Coarse–fine surrogate model driven multiobjective evolutionary fuzzy clustering algorithm with dual memberships for noisy image segmentation

Abstract

To improve the segmentation performance and boost evolutionary efficiency of multiobjective evolutionary clustering algorithms on noisy images, this paper proposes a coarse–fine surrogate model driven multiobjective evolutionary fuzzy clustering algorithm with dual membership functions (CFS-MOEFC). The existing fuzzy clustering validity-based fitness functions generally consider one single fuzzy membership function, which cannot fully process the uncertainty in an image.

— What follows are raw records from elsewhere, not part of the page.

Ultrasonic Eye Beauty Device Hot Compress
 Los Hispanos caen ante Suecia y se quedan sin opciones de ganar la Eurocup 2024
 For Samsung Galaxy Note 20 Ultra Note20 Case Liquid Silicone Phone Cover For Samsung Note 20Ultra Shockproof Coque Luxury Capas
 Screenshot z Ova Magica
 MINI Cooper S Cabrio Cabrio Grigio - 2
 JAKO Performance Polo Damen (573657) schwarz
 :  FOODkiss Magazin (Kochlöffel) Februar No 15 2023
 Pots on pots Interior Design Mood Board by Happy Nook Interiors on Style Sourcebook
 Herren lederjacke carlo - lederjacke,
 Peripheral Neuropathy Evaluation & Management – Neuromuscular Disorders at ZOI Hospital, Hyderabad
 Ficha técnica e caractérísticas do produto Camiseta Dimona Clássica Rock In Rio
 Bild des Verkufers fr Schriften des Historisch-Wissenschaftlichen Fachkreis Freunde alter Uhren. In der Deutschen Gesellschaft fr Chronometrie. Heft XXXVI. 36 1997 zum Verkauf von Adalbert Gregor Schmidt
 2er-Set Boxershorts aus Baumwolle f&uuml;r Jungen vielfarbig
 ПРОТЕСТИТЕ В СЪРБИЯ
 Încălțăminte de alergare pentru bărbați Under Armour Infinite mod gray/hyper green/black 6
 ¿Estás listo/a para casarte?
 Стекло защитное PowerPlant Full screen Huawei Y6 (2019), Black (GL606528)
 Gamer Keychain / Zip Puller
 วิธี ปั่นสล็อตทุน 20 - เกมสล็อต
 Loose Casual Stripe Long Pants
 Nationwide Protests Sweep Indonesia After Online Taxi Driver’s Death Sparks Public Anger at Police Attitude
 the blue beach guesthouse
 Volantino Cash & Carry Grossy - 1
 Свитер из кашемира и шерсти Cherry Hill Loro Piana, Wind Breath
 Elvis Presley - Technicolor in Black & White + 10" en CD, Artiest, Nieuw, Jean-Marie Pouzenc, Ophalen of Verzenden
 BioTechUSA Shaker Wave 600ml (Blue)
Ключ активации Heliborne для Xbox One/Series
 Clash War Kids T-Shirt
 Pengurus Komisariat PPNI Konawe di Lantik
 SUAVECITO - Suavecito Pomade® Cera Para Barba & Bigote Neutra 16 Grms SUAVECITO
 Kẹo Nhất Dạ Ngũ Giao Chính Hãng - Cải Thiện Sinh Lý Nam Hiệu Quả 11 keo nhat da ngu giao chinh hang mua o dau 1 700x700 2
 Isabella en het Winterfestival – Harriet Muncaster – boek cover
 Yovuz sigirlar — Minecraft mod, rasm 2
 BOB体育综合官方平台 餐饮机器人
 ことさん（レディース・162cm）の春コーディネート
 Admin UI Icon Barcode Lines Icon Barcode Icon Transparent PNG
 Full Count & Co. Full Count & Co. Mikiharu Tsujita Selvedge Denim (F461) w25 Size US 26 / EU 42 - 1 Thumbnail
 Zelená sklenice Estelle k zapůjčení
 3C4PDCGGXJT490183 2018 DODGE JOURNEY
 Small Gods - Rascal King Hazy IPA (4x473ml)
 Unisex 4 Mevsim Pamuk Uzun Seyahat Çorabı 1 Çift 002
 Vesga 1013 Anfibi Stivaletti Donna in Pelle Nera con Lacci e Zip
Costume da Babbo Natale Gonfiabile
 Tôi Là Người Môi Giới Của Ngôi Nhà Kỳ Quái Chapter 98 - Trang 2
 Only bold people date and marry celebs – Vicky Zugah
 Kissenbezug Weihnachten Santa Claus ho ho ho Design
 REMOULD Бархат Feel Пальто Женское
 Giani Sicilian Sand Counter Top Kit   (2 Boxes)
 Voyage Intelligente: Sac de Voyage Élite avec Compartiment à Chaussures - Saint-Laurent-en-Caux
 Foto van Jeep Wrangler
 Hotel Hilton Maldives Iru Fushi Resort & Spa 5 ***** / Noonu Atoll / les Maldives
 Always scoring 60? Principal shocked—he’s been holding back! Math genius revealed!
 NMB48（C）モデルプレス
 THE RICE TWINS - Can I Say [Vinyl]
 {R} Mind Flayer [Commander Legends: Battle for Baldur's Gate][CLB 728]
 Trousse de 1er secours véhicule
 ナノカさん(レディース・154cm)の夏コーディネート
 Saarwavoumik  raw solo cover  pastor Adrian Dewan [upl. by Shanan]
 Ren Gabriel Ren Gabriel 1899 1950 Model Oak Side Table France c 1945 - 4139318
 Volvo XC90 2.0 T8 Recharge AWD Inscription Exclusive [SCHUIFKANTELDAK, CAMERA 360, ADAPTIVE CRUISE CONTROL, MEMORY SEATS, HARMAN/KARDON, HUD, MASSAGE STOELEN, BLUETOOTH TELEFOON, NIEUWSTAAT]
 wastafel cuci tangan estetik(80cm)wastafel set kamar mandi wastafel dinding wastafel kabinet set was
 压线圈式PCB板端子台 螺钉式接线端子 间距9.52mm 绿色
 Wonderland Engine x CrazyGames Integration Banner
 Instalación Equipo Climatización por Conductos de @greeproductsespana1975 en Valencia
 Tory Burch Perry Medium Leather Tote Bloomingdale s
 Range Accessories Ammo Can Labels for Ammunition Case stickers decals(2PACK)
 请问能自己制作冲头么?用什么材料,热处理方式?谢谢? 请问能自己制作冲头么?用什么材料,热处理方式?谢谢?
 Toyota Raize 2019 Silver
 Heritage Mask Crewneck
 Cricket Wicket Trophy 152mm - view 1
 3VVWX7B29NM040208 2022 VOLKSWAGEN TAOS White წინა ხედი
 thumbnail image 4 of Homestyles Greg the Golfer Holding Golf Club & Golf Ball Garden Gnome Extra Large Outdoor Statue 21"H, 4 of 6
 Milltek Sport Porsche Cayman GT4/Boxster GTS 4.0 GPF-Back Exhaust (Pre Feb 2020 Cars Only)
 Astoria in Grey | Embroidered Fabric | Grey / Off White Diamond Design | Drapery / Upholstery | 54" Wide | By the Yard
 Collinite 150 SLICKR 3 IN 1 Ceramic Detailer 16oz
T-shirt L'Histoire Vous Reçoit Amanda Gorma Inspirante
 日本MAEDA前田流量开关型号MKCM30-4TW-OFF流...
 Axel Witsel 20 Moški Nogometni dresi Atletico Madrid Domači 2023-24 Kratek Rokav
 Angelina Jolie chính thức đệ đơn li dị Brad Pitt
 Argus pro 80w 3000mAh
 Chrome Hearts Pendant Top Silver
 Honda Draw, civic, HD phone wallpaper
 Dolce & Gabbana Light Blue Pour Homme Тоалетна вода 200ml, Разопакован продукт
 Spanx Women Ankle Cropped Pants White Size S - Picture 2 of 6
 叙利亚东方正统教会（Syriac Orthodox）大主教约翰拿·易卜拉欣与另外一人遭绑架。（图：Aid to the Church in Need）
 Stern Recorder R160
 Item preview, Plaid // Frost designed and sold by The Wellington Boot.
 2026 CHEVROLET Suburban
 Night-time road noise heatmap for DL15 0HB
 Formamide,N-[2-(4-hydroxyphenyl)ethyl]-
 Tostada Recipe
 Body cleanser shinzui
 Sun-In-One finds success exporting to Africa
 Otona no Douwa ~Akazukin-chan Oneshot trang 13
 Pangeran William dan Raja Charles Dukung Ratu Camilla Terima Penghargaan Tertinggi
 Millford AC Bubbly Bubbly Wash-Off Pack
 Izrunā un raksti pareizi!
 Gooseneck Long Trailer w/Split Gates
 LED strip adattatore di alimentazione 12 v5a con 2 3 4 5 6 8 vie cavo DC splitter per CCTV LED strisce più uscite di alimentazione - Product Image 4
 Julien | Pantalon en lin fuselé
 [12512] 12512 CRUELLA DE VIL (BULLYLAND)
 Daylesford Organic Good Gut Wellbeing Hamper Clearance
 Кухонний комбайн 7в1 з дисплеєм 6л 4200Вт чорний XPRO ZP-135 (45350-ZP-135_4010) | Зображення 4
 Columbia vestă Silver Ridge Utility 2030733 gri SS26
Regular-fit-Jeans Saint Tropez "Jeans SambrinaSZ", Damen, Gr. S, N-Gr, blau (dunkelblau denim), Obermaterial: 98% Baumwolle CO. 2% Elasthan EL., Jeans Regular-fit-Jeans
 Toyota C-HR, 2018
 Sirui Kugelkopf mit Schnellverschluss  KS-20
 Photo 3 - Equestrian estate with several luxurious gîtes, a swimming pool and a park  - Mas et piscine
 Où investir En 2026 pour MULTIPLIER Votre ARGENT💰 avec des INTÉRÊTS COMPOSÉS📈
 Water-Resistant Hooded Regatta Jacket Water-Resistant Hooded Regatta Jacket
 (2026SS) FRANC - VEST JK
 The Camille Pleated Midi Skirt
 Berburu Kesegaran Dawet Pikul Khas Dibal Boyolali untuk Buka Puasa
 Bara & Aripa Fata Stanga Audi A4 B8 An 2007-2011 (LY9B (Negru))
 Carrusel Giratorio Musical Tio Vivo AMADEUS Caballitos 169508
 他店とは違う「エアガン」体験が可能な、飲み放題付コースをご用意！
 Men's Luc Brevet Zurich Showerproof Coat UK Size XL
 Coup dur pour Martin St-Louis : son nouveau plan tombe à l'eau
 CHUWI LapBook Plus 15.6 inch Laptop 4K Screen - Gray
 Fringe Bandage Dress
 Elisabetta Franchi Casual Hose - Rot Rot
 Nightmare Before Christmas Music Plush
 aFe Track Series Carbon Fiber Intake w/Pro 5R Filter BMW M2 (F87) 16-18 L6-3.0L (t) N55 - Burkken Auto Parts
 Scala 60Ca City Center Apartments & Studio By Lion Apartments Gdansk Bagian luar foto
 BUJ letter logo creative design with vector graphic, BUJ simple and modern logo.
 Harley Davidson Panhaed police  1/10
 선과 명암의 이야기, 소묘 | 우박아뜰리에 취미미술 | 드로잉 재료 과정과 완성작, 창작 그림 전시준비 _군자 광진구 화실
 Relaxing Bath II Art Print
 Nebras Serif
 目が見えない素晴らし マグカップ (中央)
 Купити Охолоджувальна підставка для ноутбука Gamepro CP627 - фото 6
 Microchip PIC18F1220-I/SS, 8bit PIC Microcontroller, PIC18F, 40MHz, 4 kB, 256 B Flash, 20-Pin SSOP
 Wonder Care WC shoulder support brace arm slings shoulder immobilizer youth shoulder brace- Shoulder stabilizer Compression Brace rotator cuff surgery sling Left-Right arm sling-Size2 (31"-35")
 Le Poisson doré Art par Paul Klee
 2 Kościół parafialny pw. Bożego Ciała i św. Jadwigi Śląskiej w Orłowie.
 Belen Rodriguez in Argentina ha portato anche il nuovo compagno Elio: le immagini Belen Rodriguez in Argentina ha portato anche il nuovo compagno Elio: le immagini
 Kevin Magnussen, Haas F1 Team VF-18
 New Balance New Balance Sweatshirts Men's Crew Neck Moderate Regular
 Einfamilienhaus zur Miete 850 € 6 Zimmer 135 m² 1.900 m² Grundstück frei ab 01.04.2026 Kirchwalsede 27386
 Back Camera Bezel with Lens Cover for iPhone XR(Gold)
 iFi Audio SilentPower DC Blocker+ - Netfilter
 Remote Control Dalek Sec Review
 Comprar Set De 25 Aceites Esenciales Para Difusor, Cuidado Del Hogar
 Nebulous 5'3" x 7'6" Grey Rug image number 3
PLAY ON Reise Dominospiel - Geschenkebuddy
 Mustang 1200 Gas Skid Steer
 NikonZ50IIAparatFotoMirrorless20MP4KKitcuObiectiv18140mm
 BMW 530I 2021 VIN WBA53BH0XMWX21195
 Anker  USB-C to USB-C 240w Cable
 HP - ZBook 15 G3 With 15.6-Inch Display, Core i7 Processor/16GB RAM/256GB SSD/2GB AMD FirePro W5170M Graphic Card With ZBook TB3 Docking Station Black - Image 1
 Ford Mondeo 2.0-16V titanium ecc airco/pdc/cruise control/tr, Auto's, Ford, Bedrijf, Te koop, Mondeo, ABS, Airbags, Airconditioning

Moreover, most existing fitness functions used in image segmentation only utilize one type of spatial information derived from the image, which cannot behave robust on images with uncertain types of noise. To deal with the above problems, dual fuzzy membership functions are first designed by utilizing the local and non-local image spatial information. Then, the designed dual membership functions and the two kinds of spatial information are both used to construct spatial information-motivated fitness functions for image segmentation. To promote the time efficiency, the coarse–fine surrogate model is employed to assist the evolutionary optimization process, such as approximating the fitness functions instead of real function evaluations and evolving satisfactory cluster centers for CFS-MOEFC. Besides, a dual memberships-driven cluster validity index combining the local and non-local spatial information is designed for selecting an optimal solution from the final non-dominated solution set of CFS-MOEFC. Experiments on Berkeley and Magnetic Resonance (MR) images indicate that CFS-MOEFC greatly improves the segmentation accuracy on images with multiple types of noise, preserves more significant detailed image information, and behaves well on time cost comparing with state-of-the-art methods.